研究成果は、高速道路入り口の逆走防止、注意喚起情報の表示、大規模補修工事による交通影響の改善などに生かし、道路利用者の安全・安心・快適性向上を目指すという。
阪神高速道路と富士通交通・道路データサービス(FTRD)は11月8日、商用車プローブデータを活用した交通分析手法を確立したと発表した。
両社は、2015年3月から「交通ビッグデータの活用による社会価値創出に関する共同研究」を実施している。

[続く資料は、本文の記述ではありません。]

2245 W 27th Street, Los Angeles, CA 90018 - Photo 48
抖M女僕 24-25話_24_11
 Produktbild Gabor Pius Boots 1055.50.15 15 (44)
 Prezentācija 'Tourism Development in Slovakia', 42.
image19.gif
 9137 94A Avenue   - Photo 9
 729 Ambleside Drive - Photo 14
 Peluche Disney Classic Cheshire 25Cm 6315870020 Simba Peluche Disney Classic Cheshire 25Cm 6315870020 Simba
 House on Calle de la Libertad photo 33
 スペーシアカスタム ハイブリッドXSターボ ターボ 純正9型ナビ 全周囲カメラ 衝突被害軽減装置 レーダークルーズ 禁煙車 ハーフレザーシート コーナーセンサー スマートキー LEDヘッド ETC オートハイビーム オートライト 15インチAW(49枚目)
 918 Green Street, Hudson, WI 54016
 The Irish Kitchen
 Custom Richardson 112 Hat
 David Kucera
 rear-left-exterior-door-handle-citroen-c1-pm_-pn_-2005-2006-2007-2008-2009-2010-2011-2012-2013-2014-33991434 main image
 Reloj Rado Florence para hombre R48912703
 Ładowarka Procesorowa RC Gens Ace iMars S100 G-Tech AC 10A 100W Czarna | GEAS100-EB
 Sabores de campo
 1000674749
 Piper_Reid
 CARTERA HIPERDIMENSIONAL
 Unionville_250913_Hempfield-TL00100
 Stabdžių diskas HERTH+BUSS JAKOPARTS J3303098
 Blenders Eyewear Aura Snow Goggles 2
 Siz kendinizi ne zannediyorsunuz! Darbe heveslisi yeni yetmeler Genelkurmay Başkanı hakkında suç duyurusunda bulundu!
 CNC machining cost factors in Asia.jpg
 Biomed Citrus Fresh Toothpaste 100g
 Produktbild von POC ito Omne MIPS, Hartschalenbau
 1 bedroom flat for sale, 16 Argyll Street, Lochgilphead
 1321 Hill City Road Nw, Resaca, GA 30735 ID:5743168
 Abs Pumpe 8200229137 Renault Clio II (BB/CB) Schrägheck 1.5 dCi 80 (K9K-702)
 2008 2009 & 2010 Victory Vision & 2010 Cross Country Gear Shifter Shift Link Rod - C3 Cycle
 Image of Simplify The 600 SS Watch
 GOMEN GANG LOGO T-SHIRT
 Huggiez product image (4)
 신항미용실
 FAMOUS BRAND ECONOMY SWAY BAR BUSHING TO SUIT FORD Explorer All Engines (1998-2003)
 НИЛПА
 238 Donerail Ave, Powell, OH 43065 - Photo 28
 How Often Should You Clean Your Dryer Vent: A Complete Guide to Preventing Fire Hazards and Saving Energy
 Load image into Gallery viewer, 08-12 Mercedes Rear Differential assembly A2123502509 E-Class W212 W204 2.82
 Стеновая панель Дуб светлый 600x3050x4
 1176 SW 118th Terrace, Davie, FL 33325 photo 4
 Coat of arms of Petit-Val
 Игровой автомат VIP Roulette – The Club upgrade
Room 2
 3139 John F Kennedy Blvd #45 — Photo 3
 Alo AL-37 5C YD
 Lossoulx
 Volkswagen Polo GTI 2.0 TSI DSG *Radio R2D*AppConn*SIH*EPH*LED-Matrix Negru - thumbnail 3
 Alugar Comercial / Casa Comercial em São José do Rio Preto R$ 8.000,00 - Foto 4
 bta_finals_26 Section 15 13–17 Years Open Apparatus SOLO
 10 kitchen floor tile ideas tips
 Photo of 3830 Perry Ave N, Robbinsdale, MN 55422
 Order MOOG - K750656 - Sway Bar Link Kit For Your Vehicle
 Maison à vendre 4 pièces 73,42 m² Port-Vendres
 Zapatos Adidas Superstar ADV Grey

今回の発表は、研究内容の1つである「道路利用者の安全・安心・快適性向上等に寄与するGPSデータ等を用いた交通分析手法」に関する研究で、商用車のプローブデータの有用性に関する研究成果をまとめたもの。
成果の1つとして、近年社会問題化している高速道路の逆走に対して、逆走につながる「高速道路への進入間違い」を防止することが重要であるとし、プローブデータを分析して、問題のある車両の挙動を抽出・把握する手法を開発し、高速道路入口案内の充実に向けた対策の着眼点を示すことが可能となったとしている。
情報提供の高度化に向けた取り組みでは、最適な情報提供の在り方を検討する目的で、文字情報板での表示内容や表示方法がドライバーに与える影響を把握すべく、走行車両の挙動変化を分析。プローブデータの活用により、高速道路本線上の文字情報板で注意喚起情報を表示した場合、その通過直後に走行速度が低下する傾向が確認できたという。結果、文字情報板の情報提供による走行安全性向上のための着眼点を整理できたという。
また、阪神高速は10日間程度の通行止めを伴う大規模補修工事を定期的に実施しているが、このような工事による交通影響を最小限に留め、工事回数の削減と工事自体の効率化を図るため、過去の事例分析を実施。車両ID付の経路データを活用して、大規模補修工事による交通影響をこれまでより面的かつ経時的に把握でき、出発時刻や到着時刻の変化などの従来把握が困難だった内容も把握できることを示せたとしている。
さらに、快適性と安全性確保のため、阪神高速ではこれまで顕在化した自然渋滞発生箇所や交通事故対策箇所を中心に対策を実施してきたが、快適性、安全性の向上を目的に潜在要因を抽出するため、自由流における速度分布状況を把握し、その活用可能性に関する事例分析を実施。1秒単位のドットデータを活用して短区間ごとの速度分布を分析し、速度超過しやすい箇所や道路線形などでは説明できない速度低下箇所の抽出、速度抑制対策の効果把握が可能となったとしている。
両社は今後も引き続き、IoT、交通ビッグデータを活用した交通分析手法の研究を推進し、「交通ビッグデータの活用による社会価値創出」を進めると説明している。